The model works off of optimizing the given properties of each Gaussian to match the images given. The gaussians are first generated from a Structure from Motion (SfM) point cloud, which acts as a good starting point but doesn’t exactly perform optimally for reconstruction. This follows an iterative process of rendering and comparing the resulting image to the training views. This uses a process of Stochastic Gradient Descent (a simple subset of Gradient Descent based on performing the updates after each sample) to alter all the above mentioned qualities of each gaussian, with an activation function being placed on both $\alpha$ and $\Sigma$ to help maintain them in logical ranges. The Loss Function is defined below as a mix of $L_1$ (a simple difference between the representation and image) and $L_{\text{D-SSIM}}$ (standing for Differentiable Structural Similarity Index, which captures information that the $L_1$ loss misses) defined with the reconstructed image $I_x$ and the target image $I_y$ (as well as $C_1$ and $C_2$ being stabilization constants and $\text{D-SSIM}$ being done on $N$ patches on the image).

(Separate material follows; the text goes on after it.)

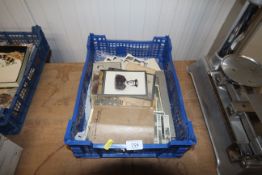 A box of photographs and ephemera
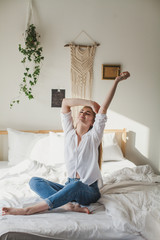 beautiful young blonde girl sitting on a bed in a light bedroom and stretching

$$\begin{gather*} L=(1-\lambda)L_1+\lambda L_{\text{D-SSIM}}\\ L_1=\sum|I_x(x,y)-I_y(x,y)|\\ \text{SSIM}=\frac{(2\mu_x\mu_y+C_1)(2\sigma_{xy}+C_2)}{(\mu_x^2+\mu_y^2+C_1)(\sigma_x^2+\sigma^2_y+C_2)}\\ L_\text{D-SSIM}=1-\frac{1}{N}\sum_{i=1}^N\text{SSIM}_i(I_x,I_y) \end{gather*}$$

Adaptive Density Control:

One of the biggest problems with the current systems is in the density of each Gaussian. Adaptive Density Control is a set of methods to help control the population of Gaussians within the representation both by adding and removing them where needed. Removing unneeded gaussians is a relatively simple process, and each 100 iterations any gaussians with a $\alpha$ below a threshold $\epsilon_\alpha$ are removed. This removes all Gaussians that are practically transparent. As well, at every 3000 iterations all the $\alpha$ values are set close to zero, which creates a scenarion in which only those that are necessary are returned back to their original state.

Adding new Gaussians is a tad more complex and is broken up into two problem statements. Situations where a region is missing gaussians it needs (Under-Reconstruction) and situations where a gaussians is too large (Over-Reconstruction). Under-Reconstruction is solved by creating a clone of the nearest Gaussian and is detected by any form of high residuals generated from the loss. Over-Reconstruction is solved by splitting the larger gaussian into two, dividing their scale by $\phi=1.6$, and is detected by any form of structured negative residuals generated from the loss.

Tile-Based Rasterizer:

The last major contribution made by the paper for the model comes in the form of it’s method of Rasterization. It uses a tile-based rasterizer to help optimize both rasterization and $\alpha$-blending. The first step within it can be seen as a style of preprocessing the information present within the representation before rasterization. The process starts off by splitting the camera view into $16\times 16$ tiles. This will allow for further optimizations later based on each tile. As well, it follows simple 3D rendering techniques like backface culling (ignoring gaussians with normals that are pointing away from the camera) and ignoring any gaussians in extreme positions (gaussians outside of the viewport and those too close to the camera).

The Rasterization algorithm first starts by performing a Radix Sort of each Gaussian based on the View Space depth and Tile ID it belongs to. This sorted list can then be broken down into lists for each tile, which are inherently sorted by view depth (closest to furthest). The Rasterization then begins, with the $c$ and $\alpha$ values of each gaussian accumulating on the pixels it occupies. This process in of itself has many many optimizations to cover which I will not be doing, but the most important is in the parallelization of the process. Each tile is given it’s own Thread, meaning that every single tile can be working at the same time, making the rasterization process much quicker.